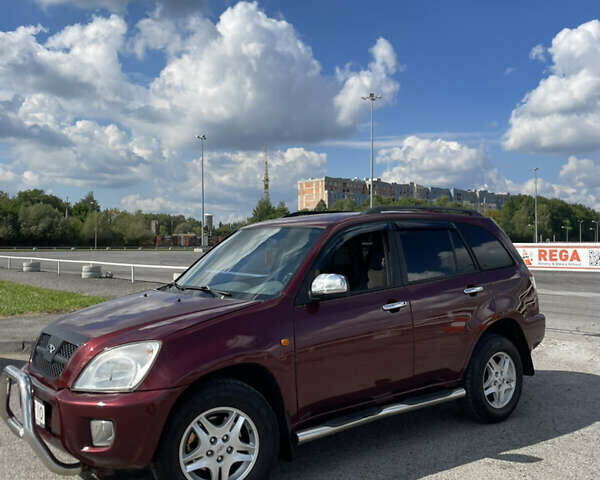 Красный Чери Тигго, объемом двигателя 2 л и пробегом 279 тыс. км за 4000 $, фото 6 на Automoto.ua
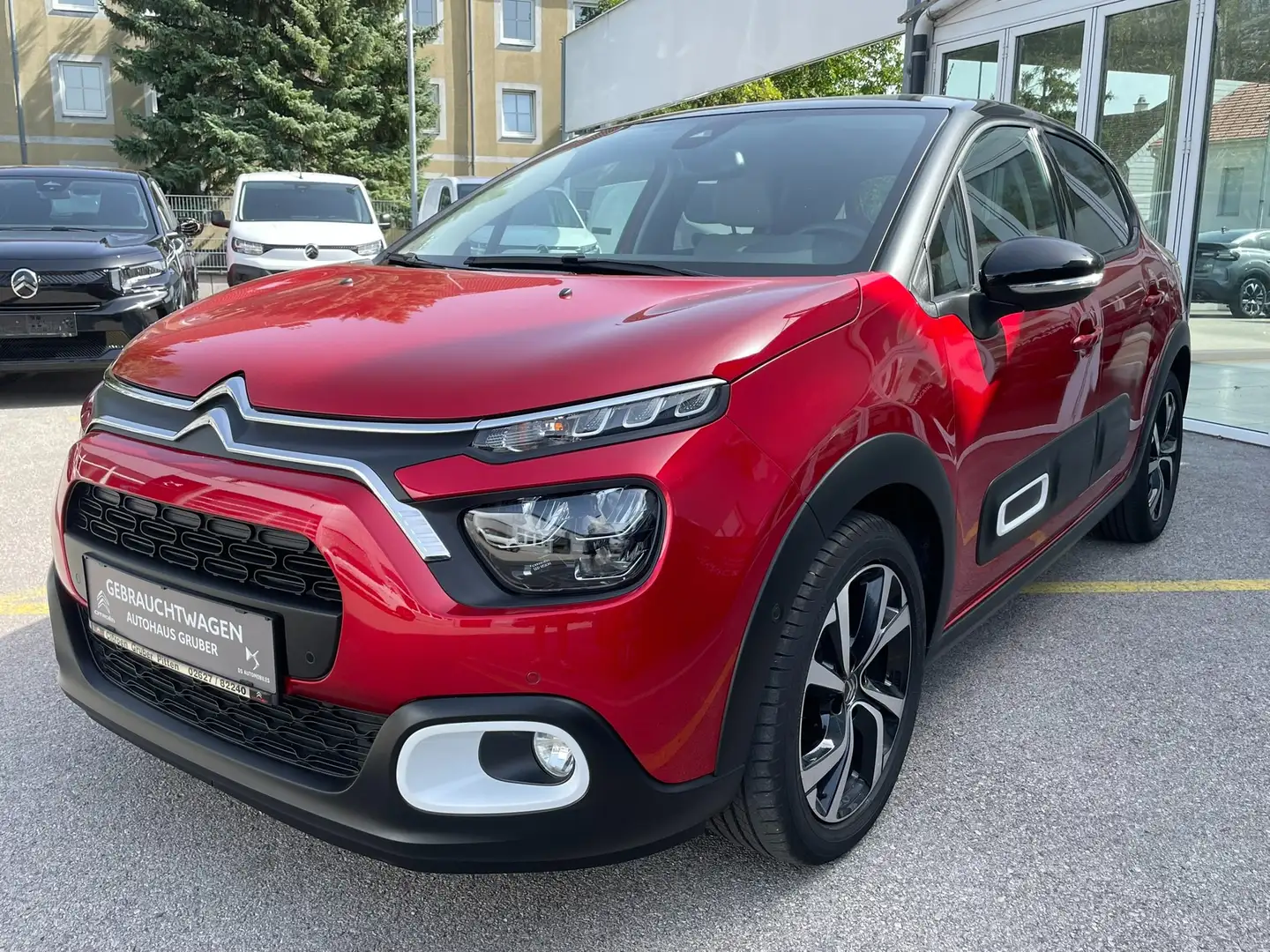 Citroen C3 C3 PureTech 83 PS Shine inkl Winterräder Alu Rot - 1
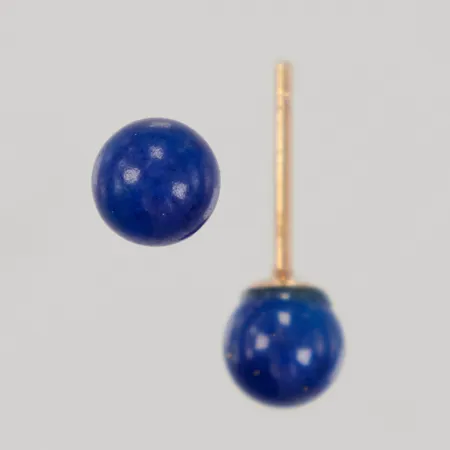Ett par örhängen med blåa kulor Ø6mm, saknar stoppar, ostämplade 18K Vikt: 1 g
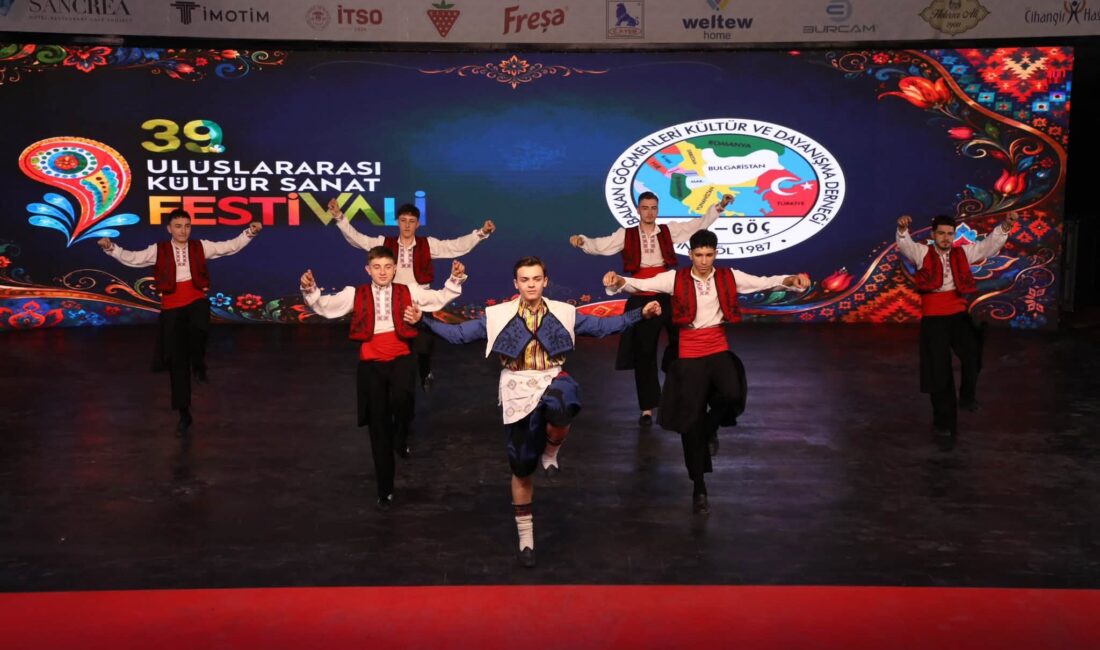 İnegöl Belediyesi'nin düzenlediği 39. Uluslararası Kültür Sanat Festivali kapsamında bu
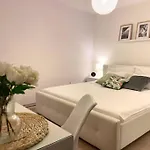 Experience Novi Vinodolski In Adriamore Apartman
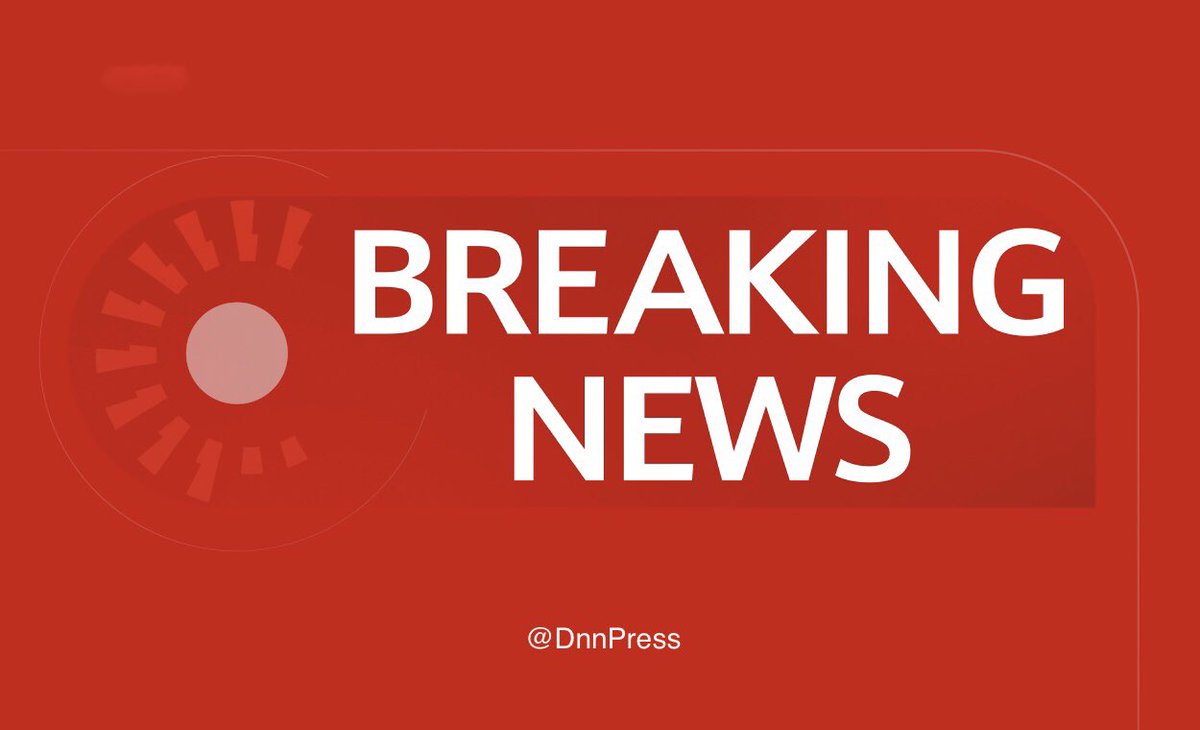 EastAfricaPulse's tweet photo. 🚨 #BREAKING: Up to 50 gunshots reported near Bondi Beach, Sydney. No injuries or suspects confirmed. NSW Police urge avoidance amid "developing incident." Coincides with Hanukkah, with unverified attack claims. #BondiIncident #SydneyAlert #DnnPress https://t.co/p2iwdEK9TT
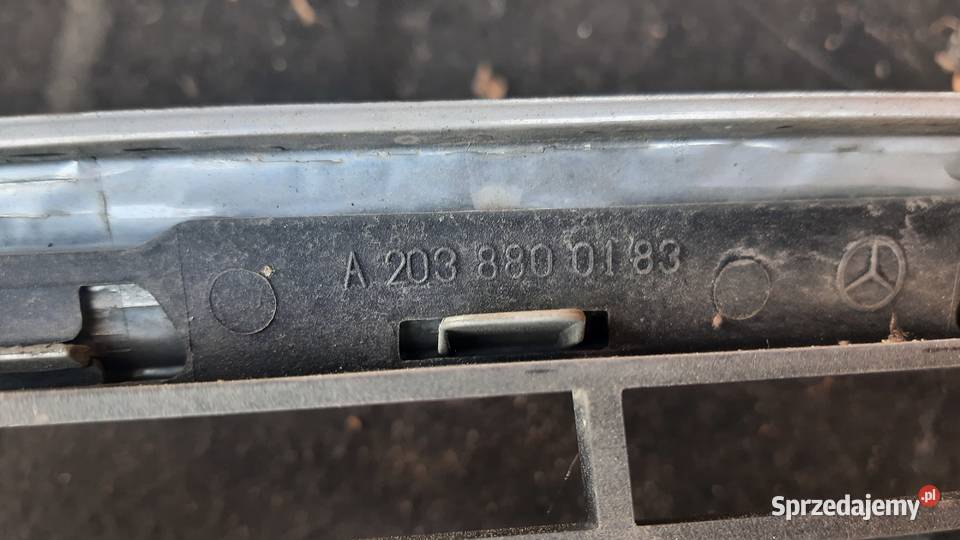 gril atrapa chłodnicy mercedes c w203 kombi Korzeńsko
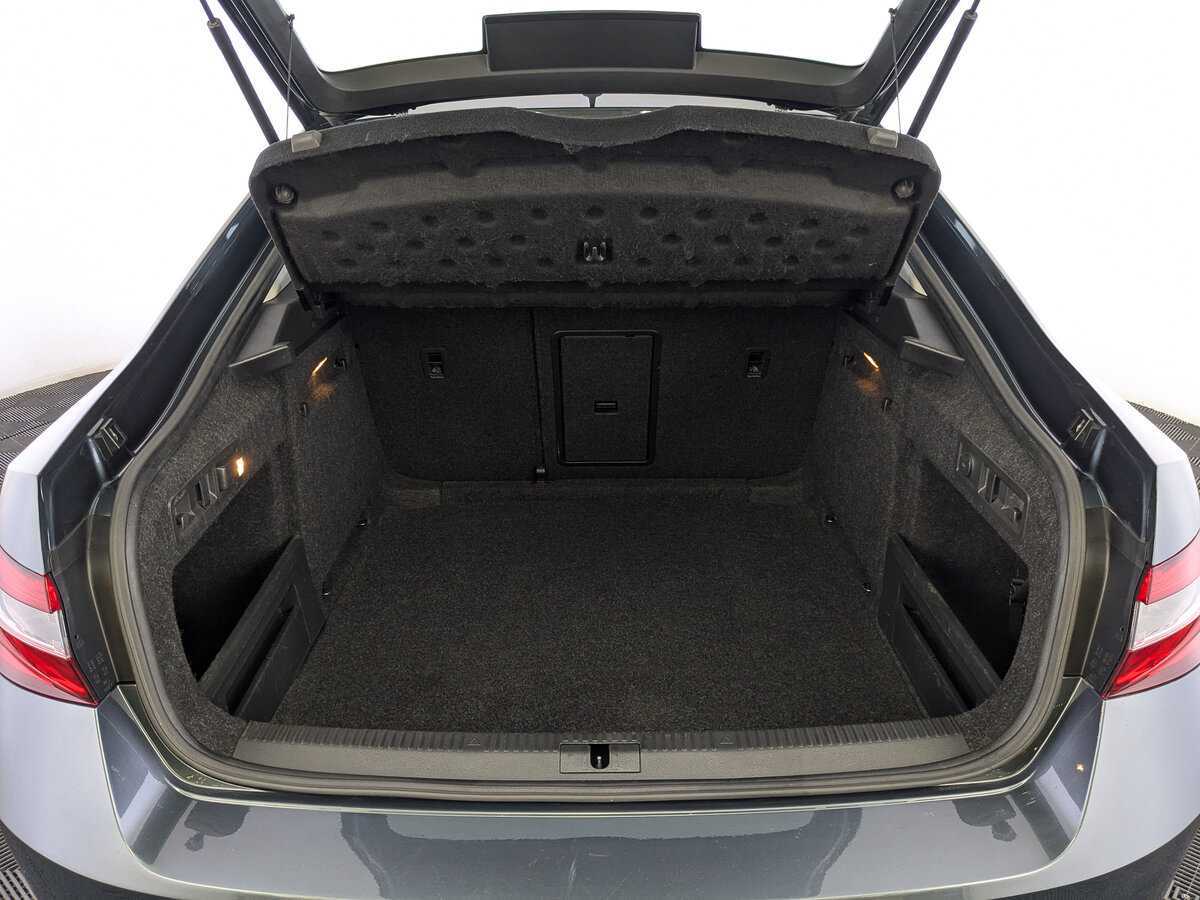 Шкода Суперб б/у, 2019, Роботизированная. Фото: #9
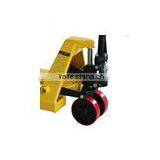 Stable 2.5 Ton Hand Hydrualic Pallet Truck Fit to Deliver in Narrow Place thumbnail-3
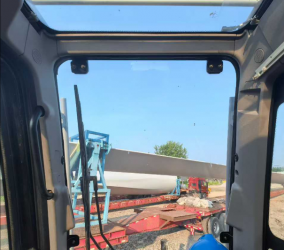 吊装大型机床时，如何保护其精密的导轨和丝杠不受损伤？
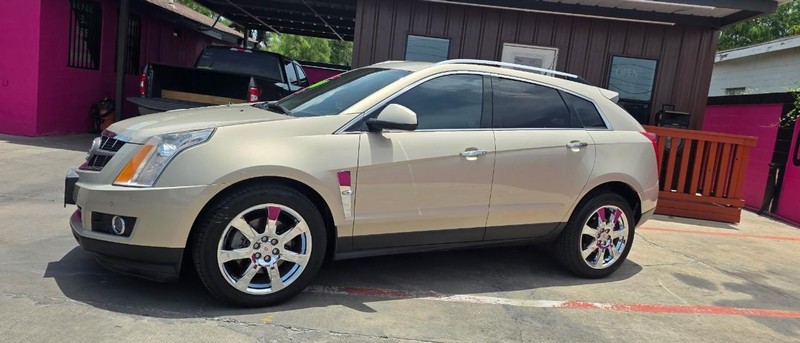 Cadillac SRX Vehicle Full-screen Gallery Image 3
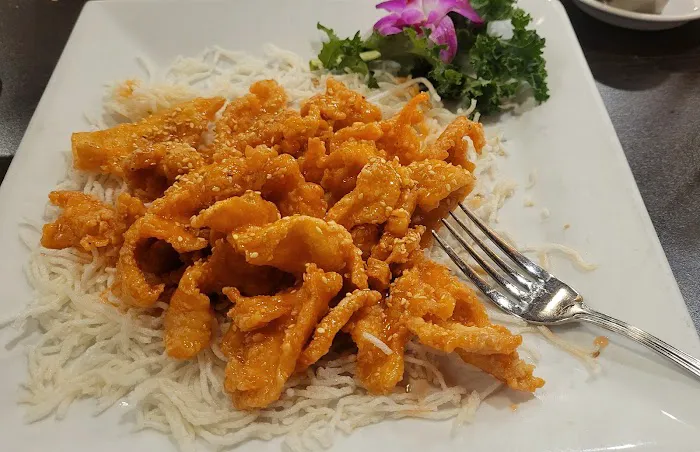 Jessica Zheng's East West Bistro - Chinese And Sushi Bar 5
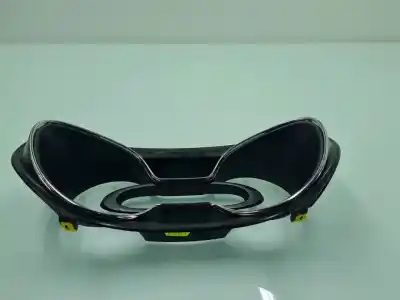 Second-hand car spare part instrument cluster housing / frame for renault captur dynamique oem iam references 682504768r  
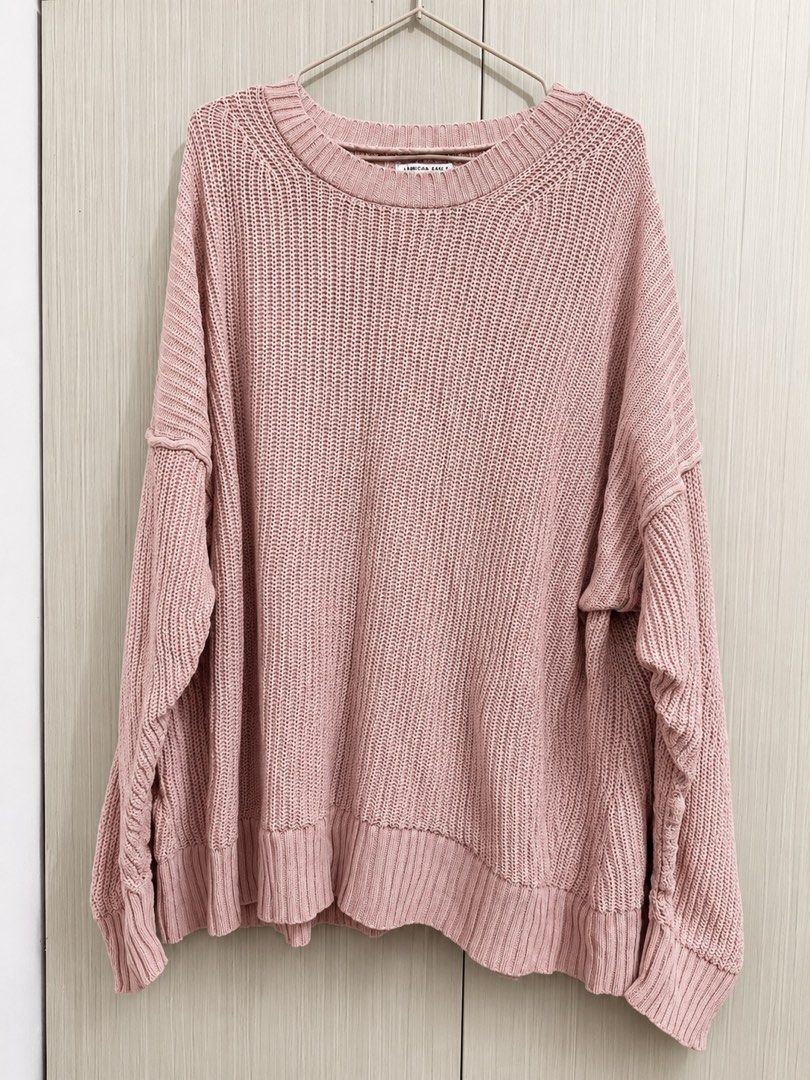 American eagle pink oversized sweater (Category: Longsleeves) located in Batangas. Submitted by daintydolll (Listing ID 1466312951, Image 2). Description: .
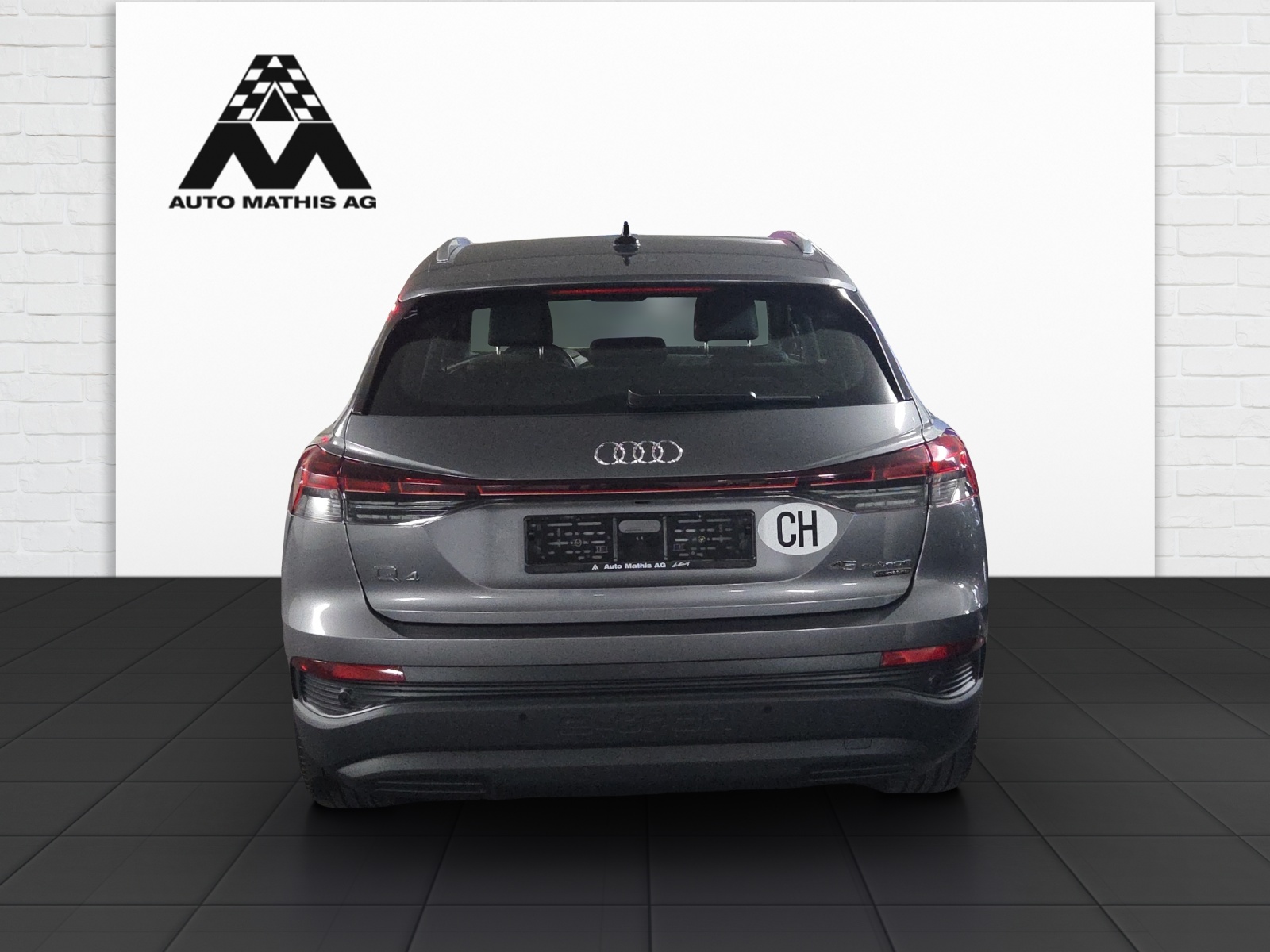 AUDI Q4 e-tron 45 quattro-image-9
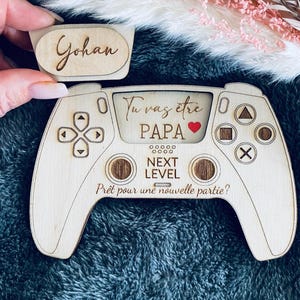 Original pregnancy announcement in the shape of a game controller, the future dad will discover this magnificent message under the small engraved cover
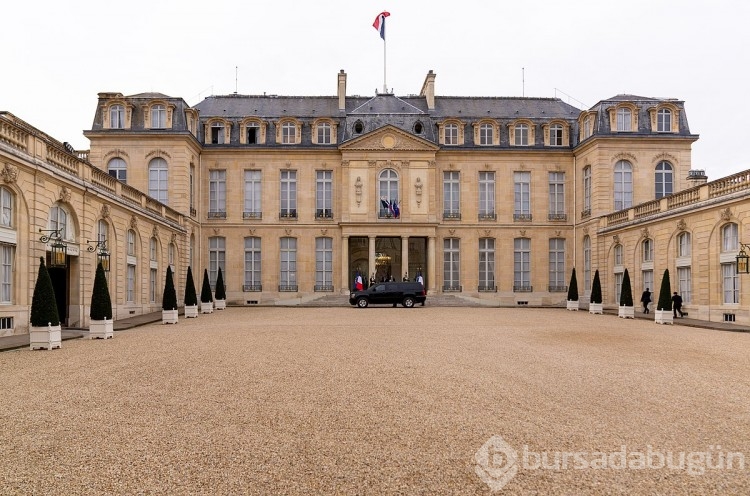 Macron'a gelen postada kesik parmak çıktı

• WORK INSTRUCTION
The expected output is the run of lines from the one containing "Original pregnancy announcement" to the last line of the listing above, both included, word for word and free of pictures.

• EXERCISE OUTPUT
 Original pregnancy announcement in the shape of a game controller, the future dad will discover this magnificent message under the small engraved cover
 Macron'a gelen postada kesik parmak çıktı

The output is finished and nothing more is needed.